Beitrag vom 15.06.2010

Spiegel Online

Kenia
Wo Korruptionsfahnder um ihr Leben fürchten
Von Horand Knaup, Nairobi

Viele Milliarden Dollar Entwicklungshilfe sind nach Kenia geflossen - und in die Taschen der jeweiligen Herrscher.

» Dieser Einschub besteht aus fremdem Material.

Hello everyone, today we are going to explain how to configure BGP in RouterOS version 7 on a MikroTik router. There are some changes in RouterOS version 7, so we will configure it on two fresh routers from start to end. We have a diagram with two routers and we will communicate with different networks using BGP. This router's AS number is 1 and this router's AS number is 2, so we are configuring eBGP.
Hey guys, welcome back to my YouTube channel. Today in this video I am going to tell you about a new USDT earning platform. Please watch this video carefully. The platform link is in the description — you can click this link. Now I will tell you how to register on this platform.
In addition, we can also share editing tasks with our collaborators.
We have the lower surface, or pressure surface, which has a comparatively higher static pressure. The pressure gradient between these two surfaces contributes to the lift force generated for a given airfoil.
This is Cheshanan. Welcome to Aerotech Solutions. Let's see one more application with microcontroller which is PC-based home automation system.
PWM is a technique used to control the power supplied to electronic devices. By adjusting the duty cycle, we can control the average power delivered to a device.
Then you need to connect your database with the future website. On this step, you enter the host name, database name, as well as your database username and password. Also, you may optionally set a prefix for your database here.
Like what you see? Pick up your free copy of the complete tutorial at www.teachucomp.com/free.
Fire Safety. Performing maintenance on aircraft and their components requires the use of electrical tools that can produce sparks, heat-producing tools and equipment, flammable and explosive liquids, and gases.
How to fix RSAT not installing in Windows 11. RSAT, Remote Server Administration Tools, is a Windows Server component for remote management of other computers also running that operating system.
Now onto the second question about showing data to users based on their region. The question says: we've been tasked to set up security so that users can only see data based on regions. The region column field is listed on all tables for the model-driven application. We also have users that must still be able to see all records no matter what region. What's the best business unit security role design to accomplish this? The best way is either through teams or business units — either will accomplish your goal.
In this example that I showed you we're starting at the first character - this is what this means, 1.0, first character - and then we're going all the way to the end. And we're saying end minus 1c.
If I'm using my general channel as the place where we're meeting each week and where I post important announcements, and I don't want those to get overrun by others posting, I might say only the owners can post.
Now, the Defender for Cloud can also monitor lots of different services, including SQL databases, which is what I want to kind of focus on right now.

Eine britische Journalistin hat jetzt ein Buch über den mutigen Ermittler geschrieben, der das System aufdeckte - und aus Angst um sein Leben aus Afrika floh.
In Nairobi gab es das Buch nur unter dem Ladentisch, die Buchhändler bekamen deutliche Warnungen und unfreundliche Hinweise, jetzt ist es auf Deutsch erschienen. "Jetzt sind wir dran", heißt das Werk der britischen Journalistin Michela Wrong, die den Kampf des kenianischen Korruptionsbekämpfers John Githongo nachgezeichnet hat.
Githongo wurde 2003 nach dem Wahlsieg von Mwai Kibaki zum General des Kampfes gegen die Korruption berufen. Es war zu einer Zeit, als alle Welt dachte, Kibaki würde sein Land kräftig durchlüften, energisch die Armut bekämpfen, die Korruption angehen und Kenia so zu neuer Blüte zu verhelfen.
Doch die Hoffnung trog. Nach nur wenigen Monaten war der Elan dahin, auch Kibaki und seine Helfer, insbesondere vom Stamm der Kikuyu, füllten sich die Taschen. Sie taten es ohne jedes Unrechtsbewusstsein, genau wie es die Eliten jahrzehntelang zuvor getan hatten.
"Jetzt sind wir dran", hieß das Motto - und heißt es heute noch.
Je weiter Githongo recherchierte, desto sumpfiger wurde das Terrain. Veruntreute Gelder, milliardenteure Einkäufe ohne Ausschreibung und Kontrollen, dafür mit klebrigen Zwischenhändlern und dubiosen Briefkastenfirmen. Die Mechanik war kompliziert, aber ungeheuer ertragreich. Allein der sogenannte Anglo-Leasing-Skandal, eine Ansammlung überteuerter, fragwürdiger und überflüssiger Einkäufe, kostete das Land 750 Millionen Dollar. Immer wieder waren bekannte kenianische Politgrößen beteiligt.
Und der Präsident deckte sie.
Geschmeidiges System von Geben und Nehmen
Als Githongo, der alle seine Informationen aufgezeichnet, manche Gespräche mit bestechlichen Ministern sogar heimlich mitgeschnitten hatte, begriffen hatte, dass Präsident Kibaki nicht mehr hinter ihm stand, floh er schließlich nach London. Das System hatte ihn bezwungen, er fürchtete um sein Leben.
Bisweilen schweift Michaela Wrong weit ab von ihrem eigentlichen Thema, kritisiert die Naivität der Geber und bezweifelt den Sinn einer stetig steigenden Entwicklungshilfe. Sie tut es zurecht, denn natürlich stellt sich die Frage: Wo versickert all das Geld in einem Land, das inzwischen mehr Hilfsgelder bekommen hat, als ganz Westeuropa nach 1945 aus dem amerikanischen Marshallplan?
Doch ihr Ausholen wird kaum langatmig, denn zum einen liefert sie quasi beiläufig ein anschauliches Soziogramm der kenianischen Gesellschaft und politischen Kultur, zum anderen ist es höchst aufschlussreich, wie sich schon Kibakis Vorgänger Daniel arap Moi die Gebergemeinde gefügig machte. Auch er soll den kenianischen Steuerzahler um Milliarden betrogen haben.
So drängt sich am Ende der Lektüre die bittere Frage auf: Wie lange soll eine srkupelfreie Regierung, die sich im bestehenden System von Geben und Nehmen eingerichtet hat, noch milliardenschwer alimentiert werden?